Tech: Design for Scalability

Common Techniques

Server Farm (real time access)

If there is a large number of independent (potentially concurrent) request, then you can use a server farm which is basically a set of identically configured machine, frontend by a load balancer.
The application itself need to be stateless so the request can be dispatched purely based on load conditions and not other factors.
This strategy is even more effective when combining with Cloud computing as adding more VM instances into the farm is just an API call.

Data Partitioning

Spread your data into multiple DB so that data access workload can be distributed across multiple servers
By nature, data is stateful. So there must be a deterministic mechanism to dispatch data request to the server that host the data
Data partitioning mechanism also need to take into considerations the data access pattern. Data that need to be accessed together should be staying in the same server. A more sophisticated approach can migrate data continuously according to data access pattern shift.

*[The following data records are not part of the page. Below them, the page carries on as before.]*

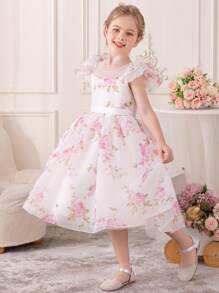 Young Girl Lovely Printed Princess Style Dress With Mesh And Flowers Design , Suitable For Parties, Performances, Shows, Daily Wear, Festivals, Parades, Birthdays, Banquets, Stages And Music Concerts. - White - View 5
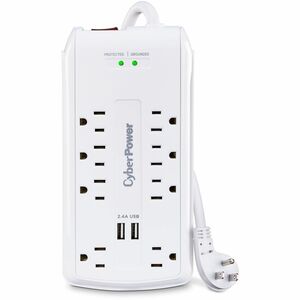 CyberPower CSP806U Professional 8-Outlets Surge Suppressor - 8 x NEMA 5-15R, 2 x USB - 3000 J - 120 V AC Input - Fax/Modem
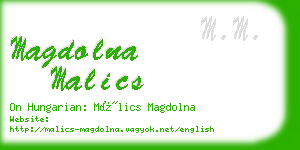 magdolna malics business card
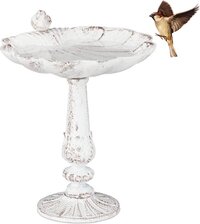 Relaxdays Vogelbadje Gietijzer - Vogelbad Op Voet - Wit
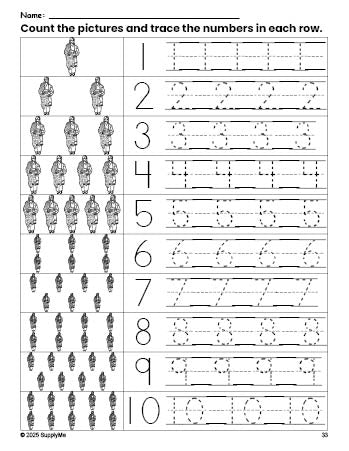 Native Numbers Printable FREE Printable Thanksgiving Native American Counting Worksheet for ...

Map / Reduce (Batch Parallel Processing)

The algorithm itself need to be parallelizable. This usually mean the steps of execution should be relatively independent of each other.
Google's Map/Reduce is a good framework for this model. There is also an open source Java framework Hadoop as well.

Content Delivery Network (Static Cache)

This is common for static media content. The idea is to create many copies of contents that are distributed geographically across servers.
User request will be routed to the server replica with close proxmity

Cache Engine (Dynamic Cache)

Resources Pool

DBSession and TCP connection are expensive to create, so reuse them across multiple requests

Asynchronous Processing

The service call in this example is better handled using an asynchronous processing model. This is typically done in 2 ways: Callback and Polling
In callback mode, the caller need to provide a response handler when making the call. Some kind of co-ordination may be required between the calling thread and the callback thread.
In polling mode, the call itself will return a "future" handle immediately. The caller can go off doing other things and later poll the "future" handle to see if the response if ready. In this model, there is no extra thread being created so no extra thread co-ordination is needed.

Implementation design considerations

Use efficient algorithms and data structure. Analyze the time (CPU) and space (memory) complexity for logic that are execute frequently (ie: hot spots). For example, carefully decide if hash table or binary tree should be use for lookup.
Analyze your concurrent access scenarios when multiple threads accessing shared data. Carefully analyze the synchronization scenario and make sure the locking is fine-grain enough. Also watch for any possibility of deadlock situation and how you detect or prevent them. Also consider using Lock-Free data structure (e.g. Java's Concurrent Package have a couple of them)
Analyze the memory usage patterns in your logic. Determine where new objects are created and where they are eligible for garbage collection. Be aware of the creation of a lot of short-lived temporary objects as they will put a high load on the Garbage Collector.